James 2:20-22 contains three most thought provoking questions that demand an affirmative answer based in Scripture – not on man’s opinion, attitude or worldview. “But do you want to know, O foolish man, that faith without works is dead? Was not Abraham our father justified by works when he offered Isaac his son on the altar? Do you see that faith was working together with his works, and by works faith was made perfect?”
James strengthens the divine line of reasoning in verses 23 and 24. “And the Scripture was fulfilled which says, ‘Abraham believed God, and it was accounted to him for righteousness.’ And he was called the friend of God. You see then that a man is justified by works, and not by faith only.”
Abigail is a most striking example of her faith being justified by her works. We are introduced to this beautiful woman and learn of her outstanding faith and works in 1 Samuel 25. Her husband Nabal was a very rich man, but he was harsh and badly behaved. Nabal had 3,000 sheep and 1,000 goats, and he was shearing his sheep. Nabal’s shepherds had been with David’s men, and the men had been a shield for the shepherds. David’s men were very good to them; Nabal’s men were not hurt, and they were not missing anything as long as they accompanied David’s men when they were in the fields. David’s men were a wall to them day and night all the time they were with them keeping the sheep.
David sent some of his young men to Nabal on a feast day and asked him for whatever he had on hand to be given to him and his men. Nabal snubbed this most courteous and well-mannered request from David, the future king of Israel, for food and water.
First Samuel 25:10 says, “Then Nabal answered David’s servants, and said, ‘Who is David, and who is the son of Jesse? There are many servants nowadays who break away each one from his master. Shall I then take my bread and my water and my meat that I have killed for my shearers, and give it to men when I do not know where they are from?”
This ruthless reply is what ignited David’s angry response! Verses 21 and 22 record, “Now David had said, ‘Surely in vain I have protected all that this fellow has in the wilderness, so that nothing was missed of all that belongs to him. And he has repaid me evil for good. May God do so, and more also, to the enemies of David, if I leave one male of all who belong to him by morning light.’”

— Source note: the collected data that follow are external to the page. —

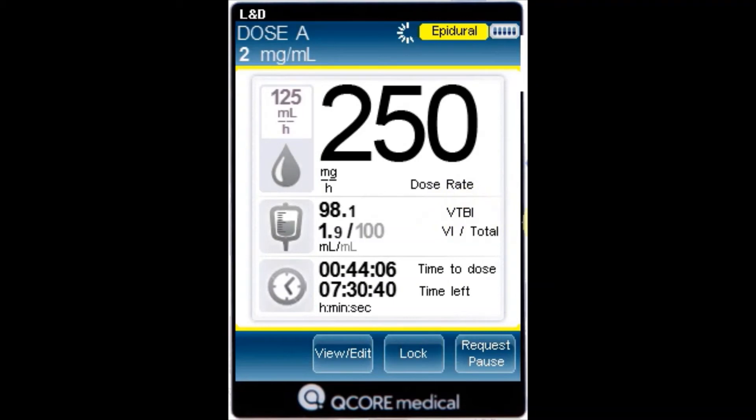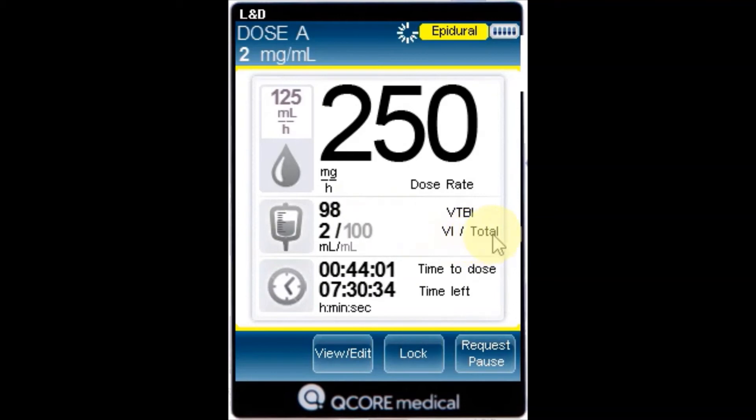VTBI: the total volume left to be infused. As the infusion progresses, this value decreases.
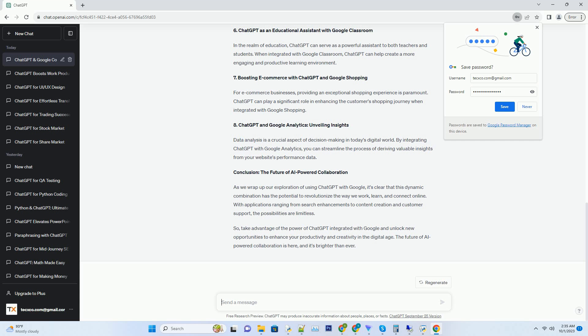Number 3: Elevating Content Creation with ChatGPT. Content creation is a crucial aspect of any online presence, whether you're a blogger, marketer, or website owner. ChatGPT can be an invaluable tool in this regard, helping you generate high-quality content effortlessly.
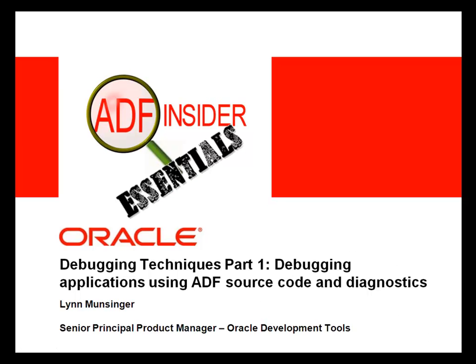Welcome to the ADF Insider Essentials series, which demonstrates the essential skills, tips, tricks, and techniques that you will require for building ADF applications. In this demonstration, you will see how to debug applications using the ADF source code, and I'll also give you some tips for diagnosing application issues.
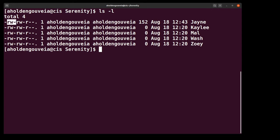The second set of characters is going to be the file permissions of the owner of the file. So in this case it's read, write, and a dash. This could be execute permission. If we saw an x, if we see a dash it means we don't have execute permission.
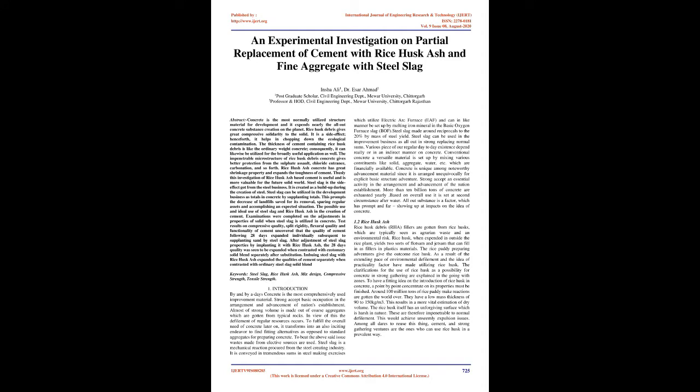Introduction: Concrete is the most widely used construction material today. Concrete plays a basic role in the development and advancement of a nation's infrastructure. Almost the entire volume of concrete is made up of coarse aggregates obtained from natural rocks, which leads to depletion of natural resources. To fulfill the global demand for concrete, it is increasingly challenging to find suitable alternatives to standard aggregates.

It is at this point that one of the young men of Abigail’s household informed her of what had happened. In verse 17, he had told Abigail, “Now therefore, know and consider what you will do, for harm is determined against our master and against all his household. For he is such a scoundrel that one cannot speak to him.” Abigail sprang into action upon hearing this urgent plea! Did she believe what the young man had just told her? Every word was still ringing in her ears as she proceeded to act on what she believed! Verse 18 is rich indeed in its description of her actions. “Then Abigail made haste and took two hundred loaves of bread, two skins of wine, five sheep already dressed, five seahs of roasted grain, one hundred clusters of raisins, and two hundred cakes of figs, and loaded them on donkeys.”
Abigail sent her servants ahead with this massive provision of food; they were told she would follow them. However, Abigail did not tell her husband Nabal. She went down under cover of the hill and there met David and his men. Verse 23 tells us, “Now when Abigail saw David, she dismounted quickly from the donkey, fell on her face before David, and bowed down to the ground.”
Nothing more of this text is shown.